Every generation has an anime that defines it, and currently, the top dog in the Shonen genre is easily My Hero Academia. While it may not be the most beloved anime and manga series on home soil, the tale of a world where almost everyone is special has exploded with popularity in the west. Seen as the torchbearer to the flame that Shonen Jump’s Naruto, One Piece and Bleach lit so many years ago, My Hero Academia is essentially Japan’s stab at creating western-influenced superheroes.
It’s a world of action, suspense and high school shenanigans, that is adored globally currently. Clearly, an official video game adaptation was inevitable. My Hero One’s Justice is that game, a brawler with quirky visuals and plenty of fan service, but does it do My Hero Academia any justice?

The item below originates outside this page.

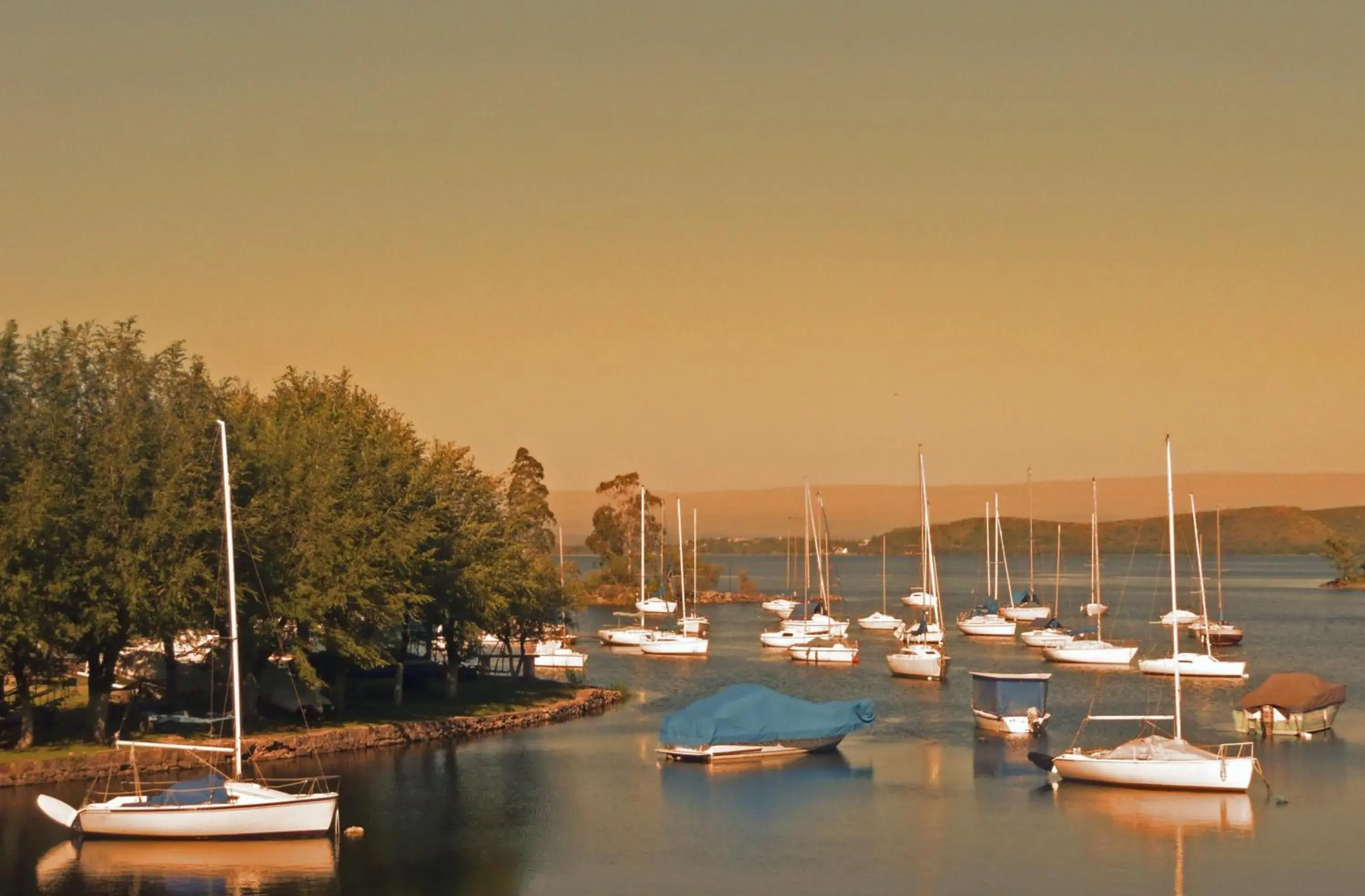 Property building in NH Córdoba Urbano Property building in NH Córdoba Urbano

Not exactly. While My Hero One’s Justice is competent as a 3D arena fighter, it quickly becomes a case of style over substance. Make no mistake, this is a game that knows its audience. Every single character looks like they’ve been ripped straight from the pages of the manga and episodes of the manga TV series, the Japanese voice cast is as over the top as you’d expect and at least one character sounds like Paula Deen attempting to cross the language barrier.
That shiny layer goes even further beyond mere accuracy, throwing in dazzling effects, attacks and ultimate power moves that feel like they’ll shatter your TV screen when they’re unleashed. It’s a flashy presentation, but all that razzle dazzle doesn’t hide the fact that My Hero One’s Justice suffers from some cheap combat systems.

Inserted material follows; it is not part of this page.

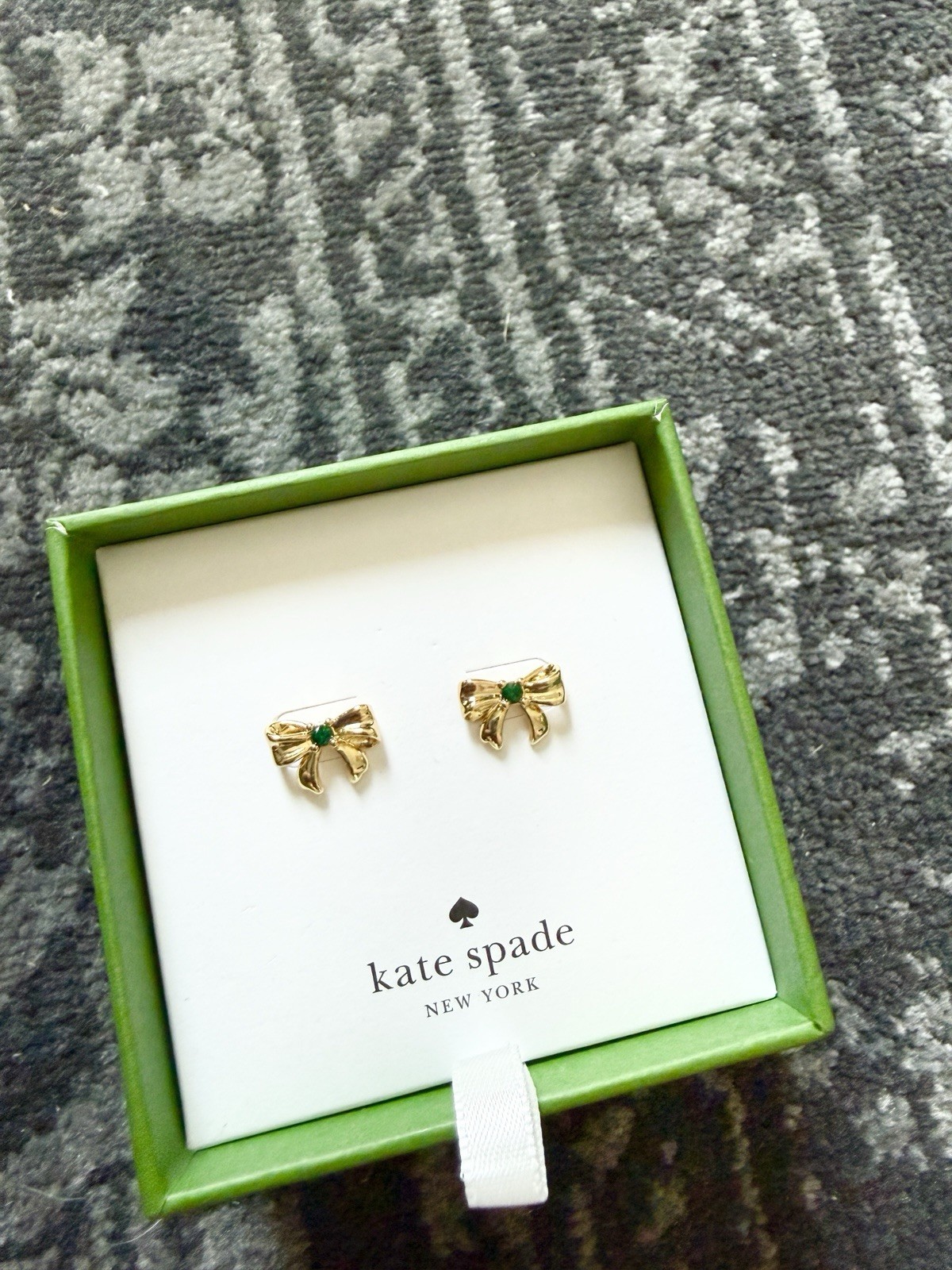 Kate Spade New York mini bow stud earrings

It feels good enough during an initial playthrough, as would-be heroes can leverage the particular quirks of their characters to their own advantage. Combined with normal, counter and unblockable attacks, and the core mechanics of the game should be deep enough to satisfy any button-masher. Admittedly, My Hero One’s Justice does at least manage to harness the speed and power of these characters to great effect, but matches quickly devolve into repetitive combos born from a single button.
True, you can toggle with the game’s settings to make those combos require more finesse, but why even bother when you can take down an opponent with a single finger? It doesn’t help much either that the story mode in My Hero’s One Justice feels like a slapdash effort. Basically cutting out the entire first arc of the anime series and plowing straight past it with only the merest of exposition to make up for the gap, story mode teeters on the edge of mediocre content and is only briefly pulled from that cliff by a handful of big battles that feel important.
Mission mode at least offers some solace, giving players a more challenging experience as they climb their way through the ranks and giving you actual consequences to deal with as you move from stage to stage. An obligatory Arcade mode and some online action seals the deal on what heroes in training can engage in, while a lackluster customisation option attempts to give some variety to the high school roster of legal vigilantes.
And that’s it really. My Hero One’s Justice looks the part, but it doesn’t walk the path of justice for too long. At the very least, it’s an approachable game that makes a decent effort to be a fan service-infused brawler for fans who can’t get enough of the anime, but it ain’t no Detroit Smash once the dust has cleared.